## About this exercise
Whatever lies between the line with "GBE1 Mouse anti-Human, Clone: OTI5B7, liquid, TrueMAB" and the end of the data, both included, must be copied exactly and without pictures.

## The data

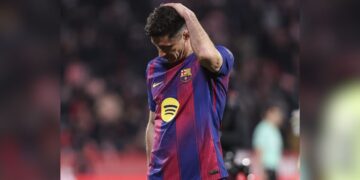 Lewandowski fractura orbital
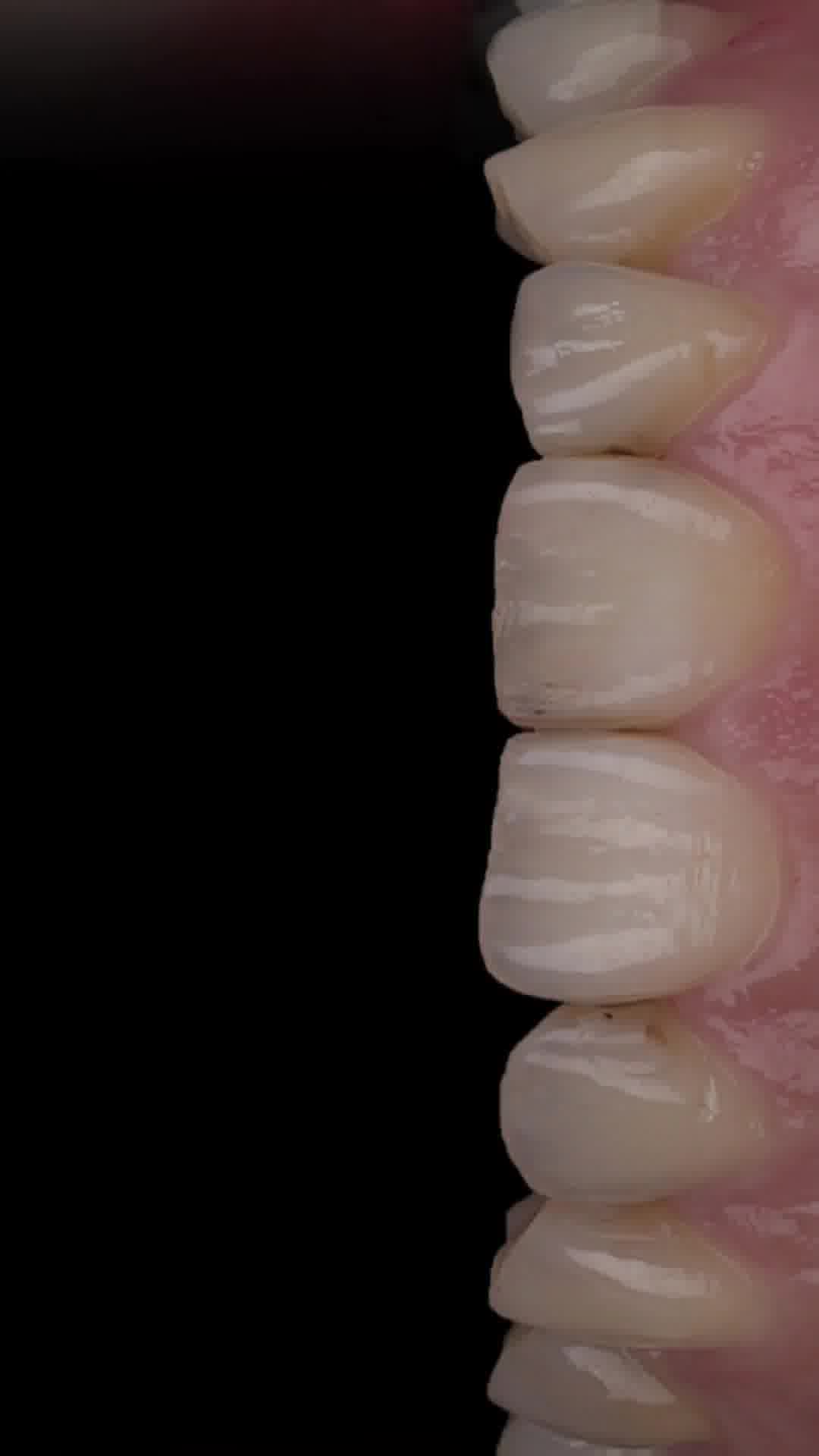 با لمینت و کامپوزیت دندان بیشتر بخندید!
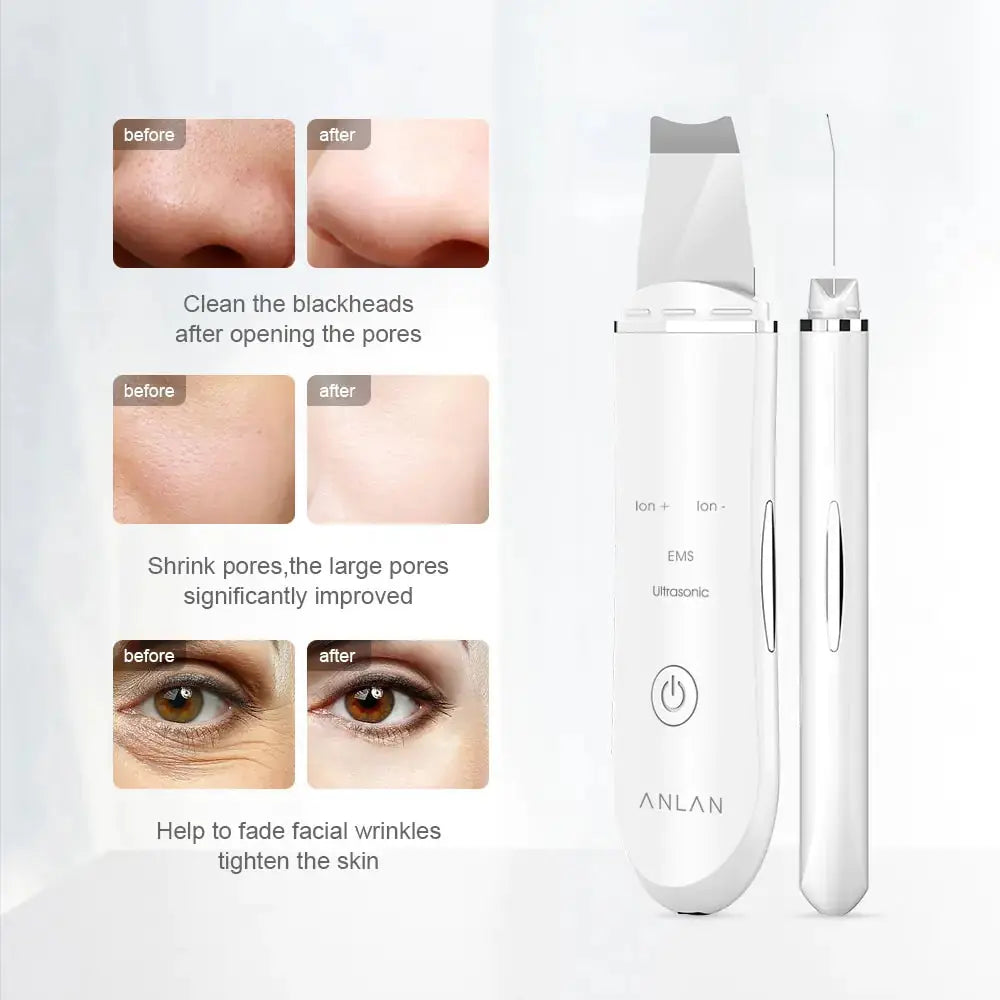 Ultrasonic Skin Lift Machine Rieworkes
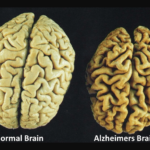 alzheimer-brain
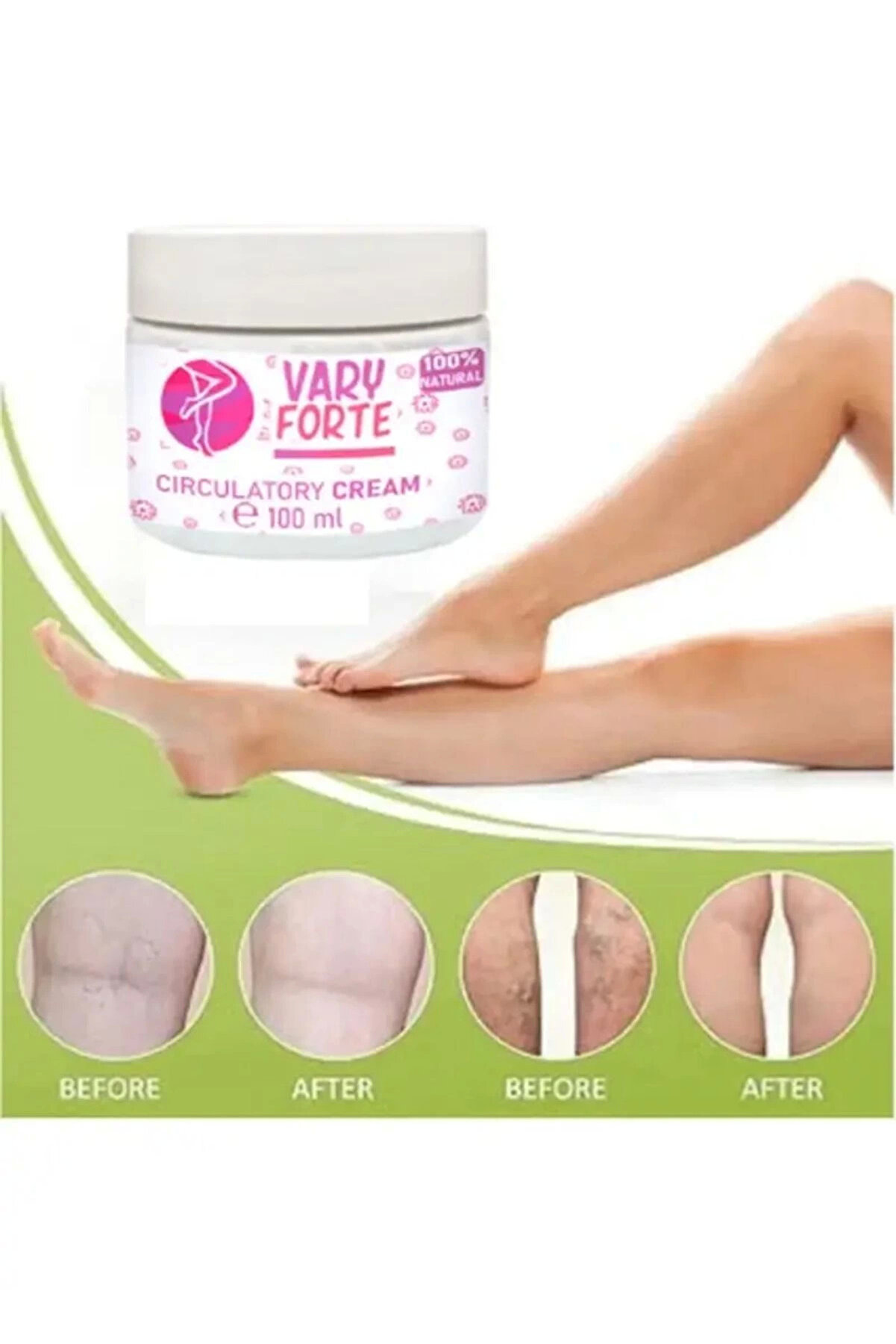 Vary Forte Kavanoz Yoğun Wari̇slere Karşı Tesi̇rli̇ Krem 100 Ml X 3 Adet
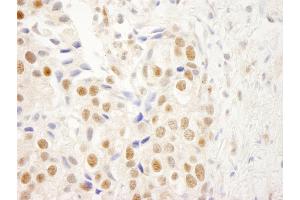 Immunohistochemistry (IHC) image for anti-Nuclear Receptor Binding Factor 2 (NRBF2) (AA 125-175) antibody (ABIN7448699) (NRBF2 Antikörper  (AA 125-175))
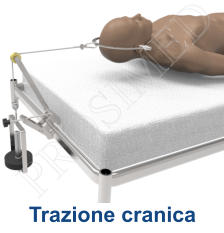 Trazione cranica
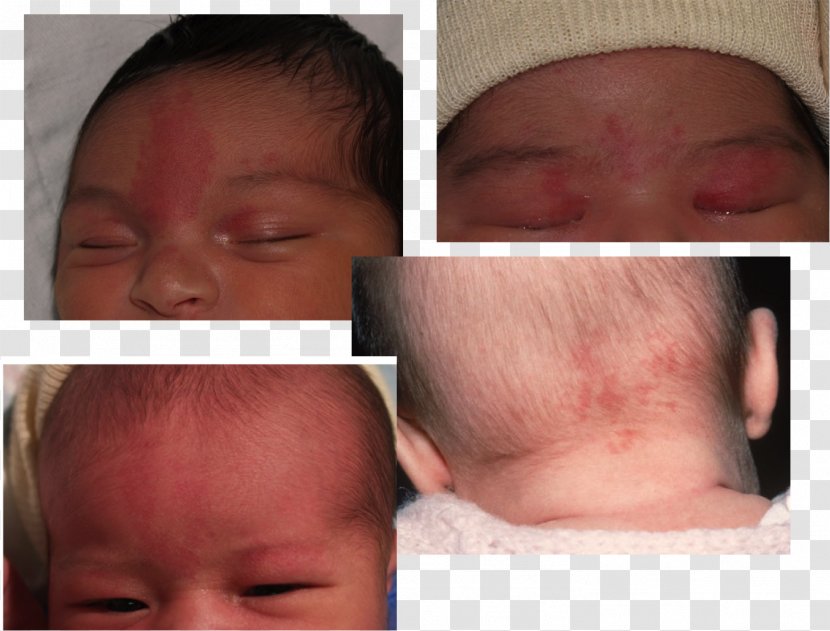 Nevus Flammeus Nuchae Infant Birthmark Sebaceous Gland - Jaw - Chin Transparent PNG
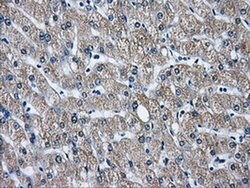 GBE1 Mouse anti-Human, Clone: OTI5B7, liquid, TrueMAB 100 &mu;L; Unconjugated:Antibodies,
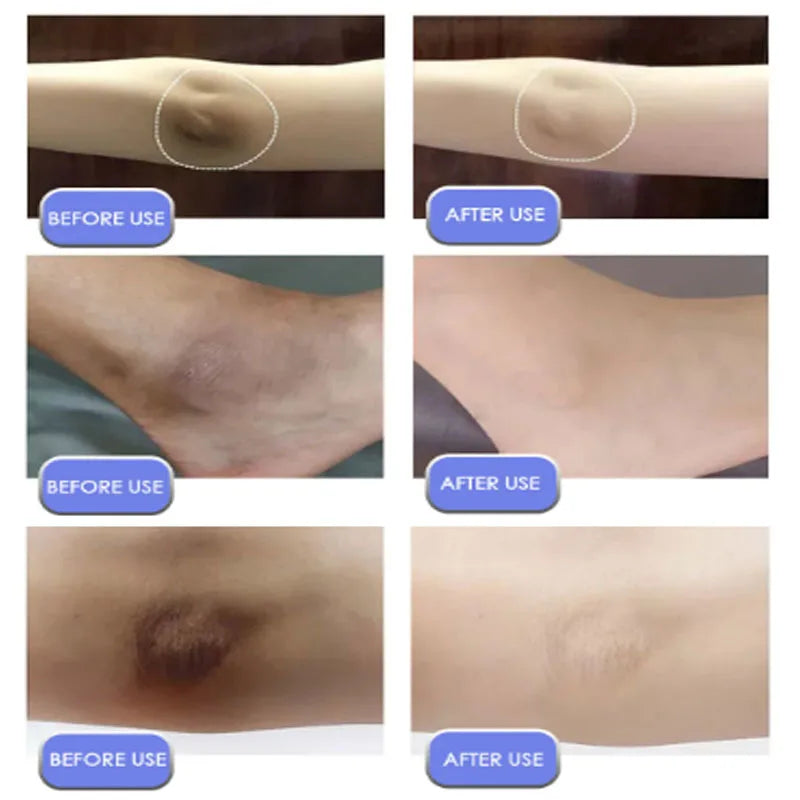 كريم تبييض الجسم للبشرة الداكنة والمناطق الحساسة، جوهر وردي لتفتيح البشرة الباهتة، مبيض الجمال والصحة للشحن المباشر 20 جرام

## Answer to this exercise
 GBE1 Mouse anti-Human, Clone: OTI5B7, liquid, TrueMAB 100 &mu;L; Unconjugated:Antibodies,
 كريم تبييض الجسم للبشرة الداكنة والمناطق الحساسة، جوهر وردي لتفتيح البشرة الباهتة، مبيض الجمال والصحة للشحن المباشر 20 جرام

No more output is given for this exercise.